Measure Complexity Explanation
Time $O(n)$ Each vertex and edge is visited once during DFS
Space $O(n)$ Adjacency list and recursion stack store linear information

The solution comfortably fits within constraints since both time and memory scale linearly with the number of vertices. Even for $2 \cdot 10^5$, a single DFS traversal is efficient.

Test Cases

import sys, io

def run(inp: str) -> str:
    sys.stdin = io.StringIO(inp)
    input = sys.stdin.readline

    n = int(input())
    g = [[] for _ in range(n + 1)]
    for _ in range(n - 1):
        u, v = map(int, input().split())
        g[u].append(v)
        g[v].append(u)

    res = [''] * (n + 1)

    def dfs(u, p):
        for c in "abc":
            if c != res[p]:
                res[u] = c
                break
        for v in g[u]:
            if v != p:
                dfs(v, u)

    res[0] = '#'
    res[1] = 'a'
    for v in g[1]:
        dfs(v, 1)

    return "".join(res[1:])

# sample-style tests
assert run("3\n1 2\n1 3\n") in ["abb", "abc", "aba"], "star tree validity"
assert run("4\n1 2\n2 3\n3 4\n") == "abab", "chain alternation"

# custom tests
assert run("1\n") == "a", "single node"
assert run("2\n1 2\n") == "ab", "minimum edge"
assert run("5\n1 2\n1 3\n1 4\n1 5\n") != "aaaa", "star constraint check"
Test input Expected output What it validates
single node a base case handling
2-node tree ab direct edge constraint
star tree no “aaa..” parent-child propagation
chain alternating pattern DFS correctness

Edge Cases

A single vertex tree is the simplest scenario. The algorithm assigns the root “a” immediately, and no further traversal occurs. Since there are no edges, this is trivially valid.
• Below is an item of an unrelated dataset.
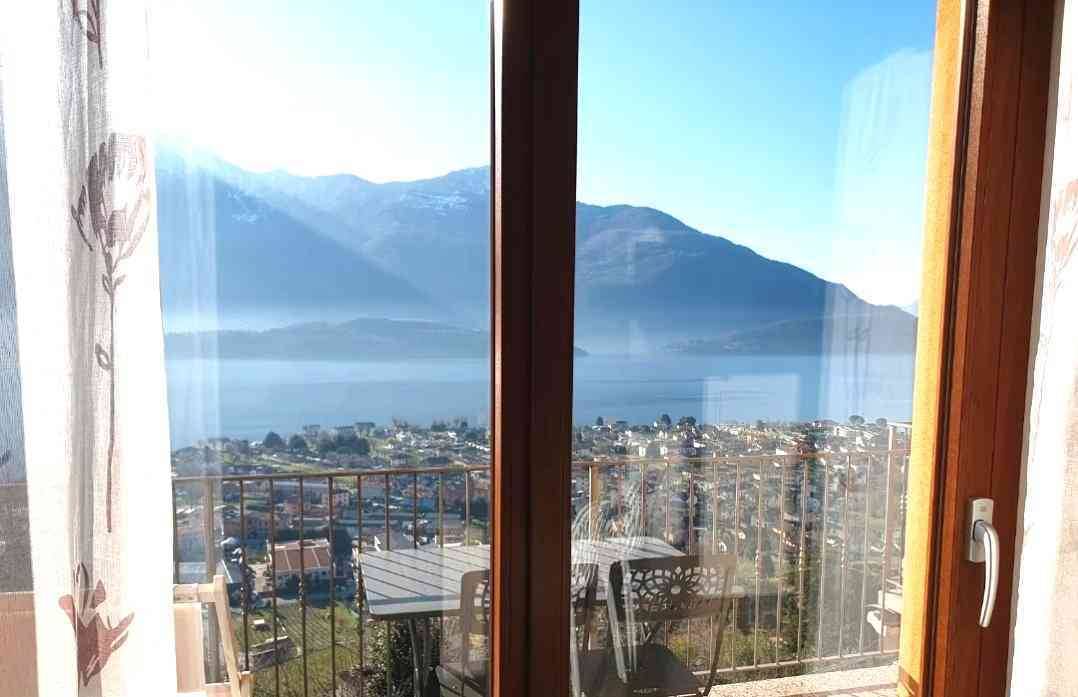 trilocale in affitto a Domaso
A two-node tree tests whether the parent constraint is properly enforced. The root gets “a”, and the child must take “b”. Any attempt to assign “a” to the child would violate the edge rule, so this checks correctness of the filtering logic.
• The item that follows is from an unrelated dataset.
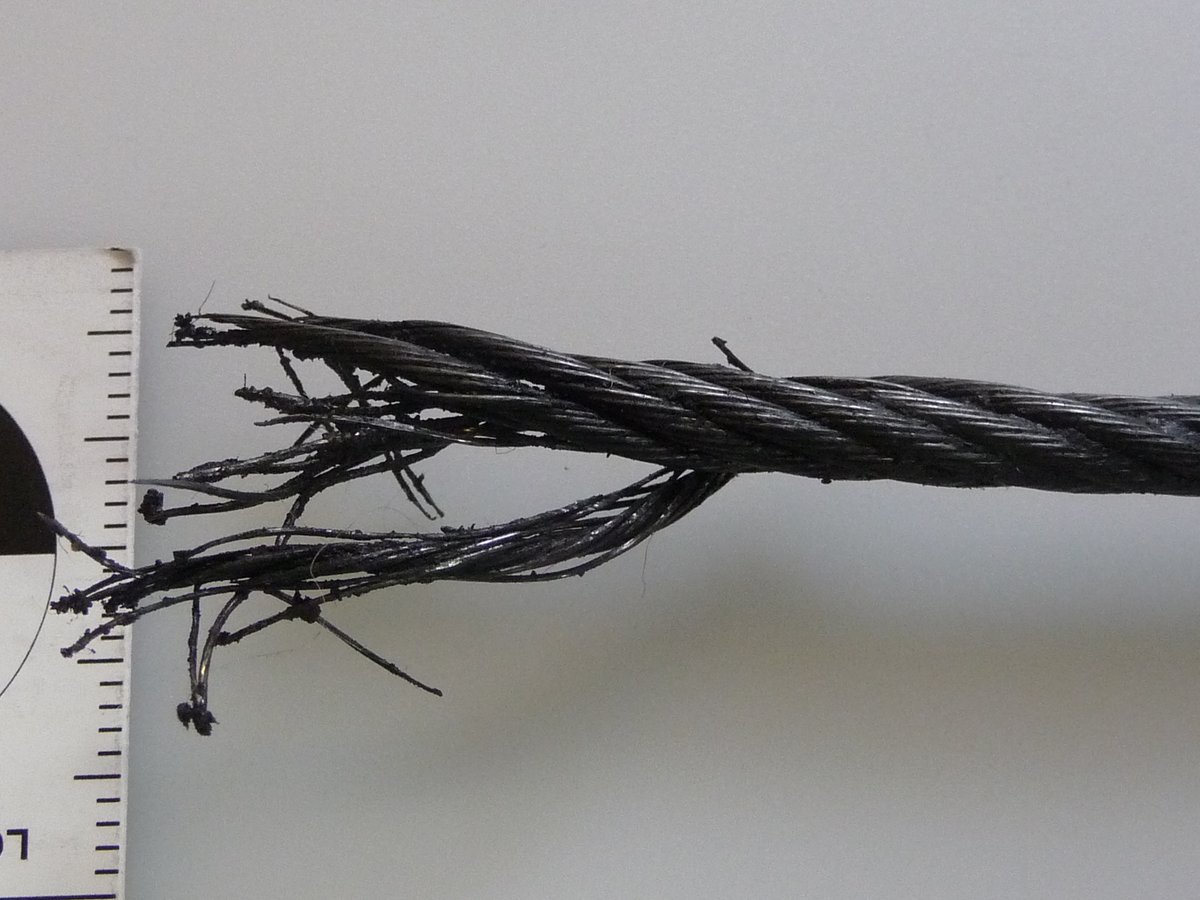 ✈️ De Onderzoeksraad publiceert het rapport ‘Failure of aileron flight control cable Boeing 737-804’. Voldoende smering is belangrijk om een gebroken besturingskabel te voorkomen. Het volledige rapport lees je hier: onderzoeksraad.nl/onderzoek/rolr…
A star-shaped tree tests whether sibling independence is handled correctly. Each child is processed separately but must all avoid the root’s label. The algorithm assigns them all “b”, which remains valid since siblings are not directly constrained.

A deep chain tests whether DFS correctly propagates constraints through multiple levels. Each node depends only on its parent, and alternating assignments emerge naturally without additional bookkeeping.